4. Knowledge-Based Query Processing on the Web

Complex forms of query processing are possible with lightweight deductive databases. We demonstrate this with a longer example involving the logic programming encoding of the domain-specific information within Web pages, and knowledge about the structure of Web sites of a certain type. This information is used to guide automated search.

4.1 Page Types

We assume that research in a Computer Science department is organised into sections. A section is divided into groups, and sections and groups are composed from projects. Each project consists of researchers. This follows the organisation of research in the Computer Science department at the University of Melbourne as of May 1996.

When describing the structure of a Web site, we use the notion of page types. Page types are names for sets of pages (some of which may contain only one page). They enable individual pages to be referred to by their types rather than by their URLs which would be too specific, and may change over time. Page types also allow collections of pages to be conveniently addressed. We utilise the following page types in our example: dept, research, project, project_members, and researcher. These page types will be used for describing our Web search strategies.

The Web structure for a Computer Science department is shown in Figure 1. The departmental home page (of type dept) has a link to a page (of type research) containing research information (in HTML). This information includes a description of the relationships between sections, groups, and projects, and links to pages describing projects (of type project). Each project page has a link to a page containing information about its members (of type project_members), and each project_members page has links to the members' home pages (which are of type researcher).
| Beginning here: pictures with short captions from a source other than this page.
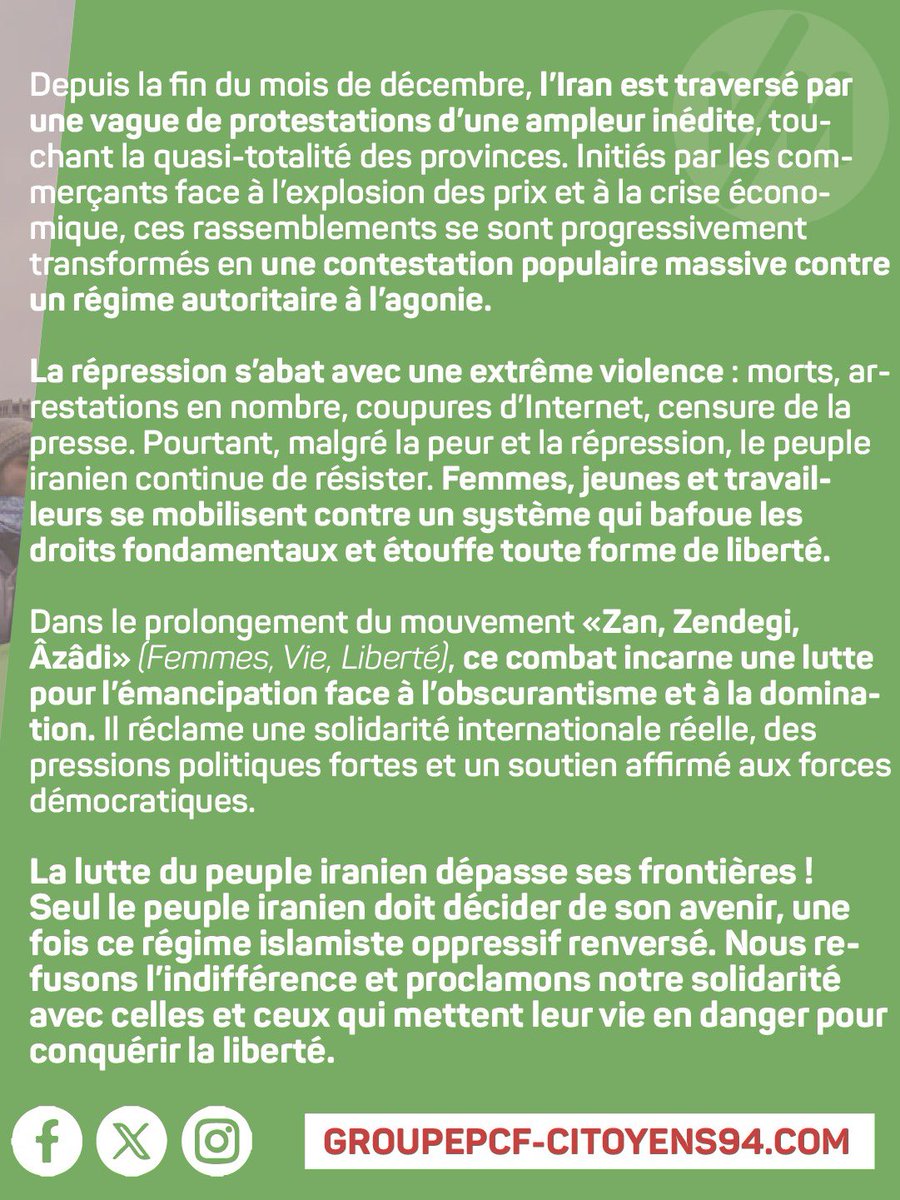 VDMencommunPCF's tweet image. ✊🏻Solidarité avec le peuple iranien !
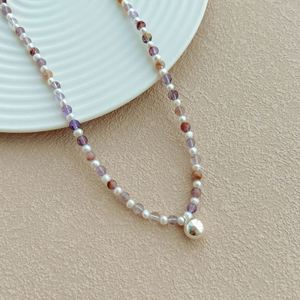 Dylam Top Jewellery Elegant Charm Sterling Silver <b>Bead</b> Beaded Pearl Natural Amethyst Beaded <b>Necklace</b> for Women Daily Wear - Product Image 4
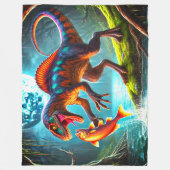 Jagd Dinosaurier Fleecedecke (Vorderseite)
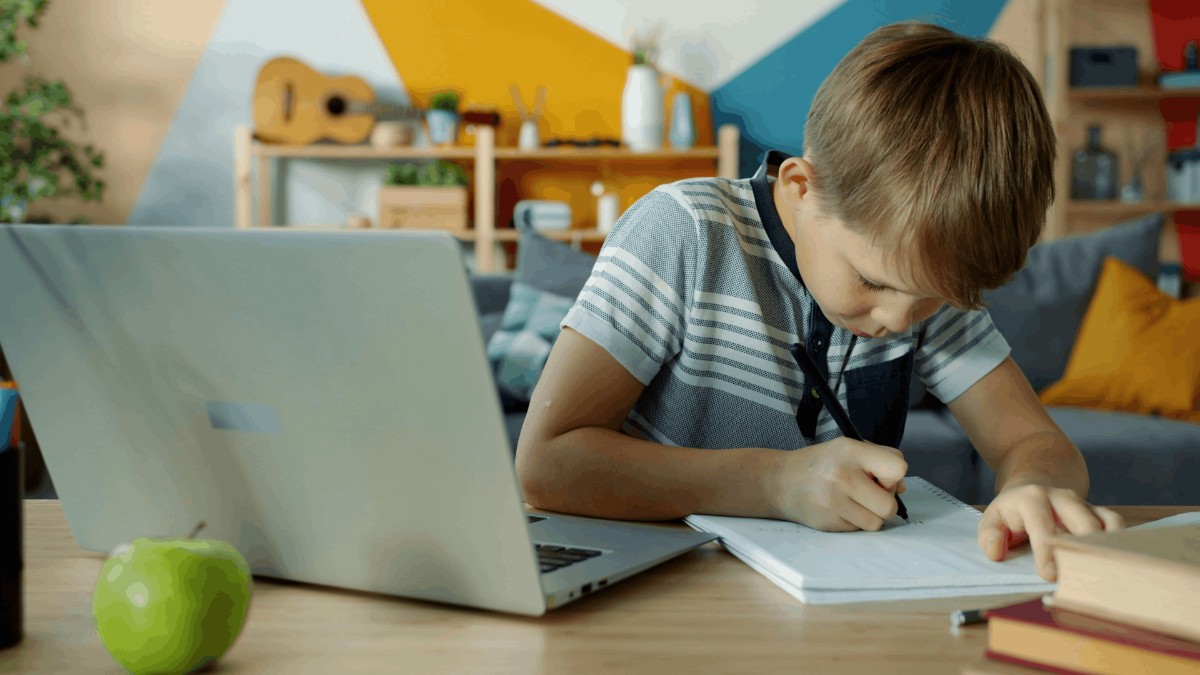 Student learning foundational math at home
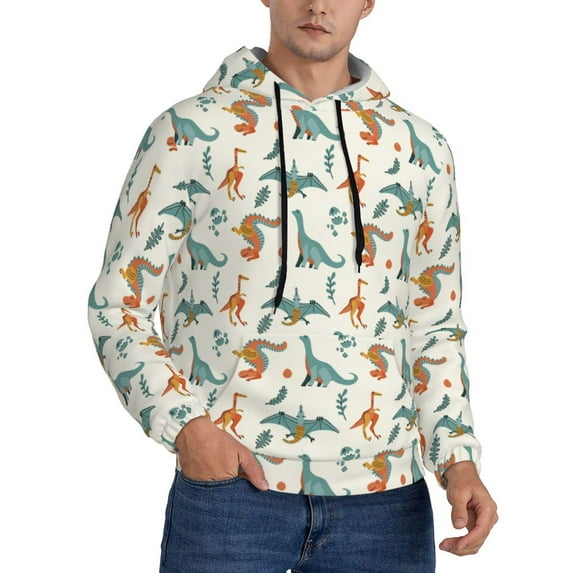 Bingfone Summer Dinosaur Men's Drawstring Hoodie Long Sleeve Pocket Sweatshirts-3X-Large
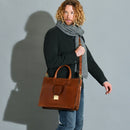 THE BRIDGE Herren-Aktentasche mit zwei Griffen aus braunem Leder der Dante-Linie, hergestellt in Italien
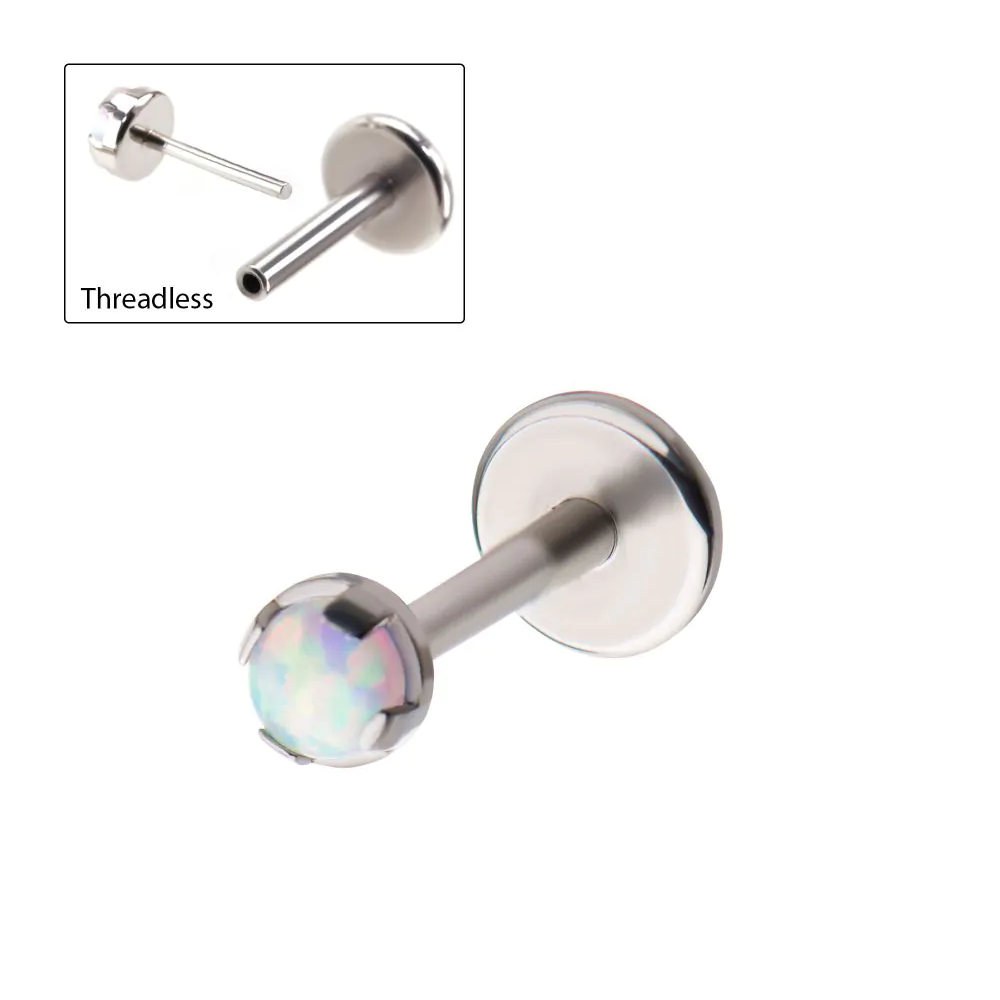 Prong Opal Threadless Labret 18g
The publication citations for each project are distributed (and separately maintained by authors) in database modules accessible from the home pages of the researchers.

Figure 1: A representative diagram of the hypertext structure rooted at a departmental home page. The arrows denote the sequence in which the various page types are reached, starting from the dept page.

4.2 Searching for Citations

We wish to develop code to find all the citations for a given section. Two approaches are possible:

We can store the URLs of all the relevant citation database modules for a section in a pre-determined module, and query the citations using it. The authors/3 predicate of §3.3 employs this technique.
Starting from some pre-determined page, we can search the Web site for the URLs of the citation database modules.

The first method requires the maintenance of a module containing the database module URLs. For example, if a researcher leaves or joins a section, or if the URLs of pages change, then the module has to be modified. For this reason, we shall use the second method.

Finding database modules consists of two main steps:

use the given section name to find the constituent project names; and
using those names, search the Web site by following the sequence of page types shown in Figure 1, starting from the dept page, until the relevant database modules are found.

The search starts from the dept page, rather than the research page, in order to accommodate changes to the research page's URL. The URL of the dept page is least likely to change.

In order to implement the above strategy, we need to formalise the relationships between sections, groups, and projects (to carry out (1)), and specify the Web structure (in order to do (2)).

4.3 Representing Knowledge

Representing Research Information

To find the projects contained in a given section, we can parse the research page, and extract the required information. However, we would need to do that each time a query is processed. A more efficient alternative is to represent the knowledge on that page as logic programming facts and rules, and reason with them.

The relationships between sections, groups, and projects, are depicted as a hierarchy of concepts in Figure 2. This is a representative diagram; a typical department would have many more sections, groups, and projects.

Figure 2: A hierarchy of sections, groups and projects. The edges represent the has_part/2 relationships.

The relationships are represented using has_part/2 facts, which specifies how sections, groups, and projects are related. contains/2 defines the transitive closure of the has_part/2 relation.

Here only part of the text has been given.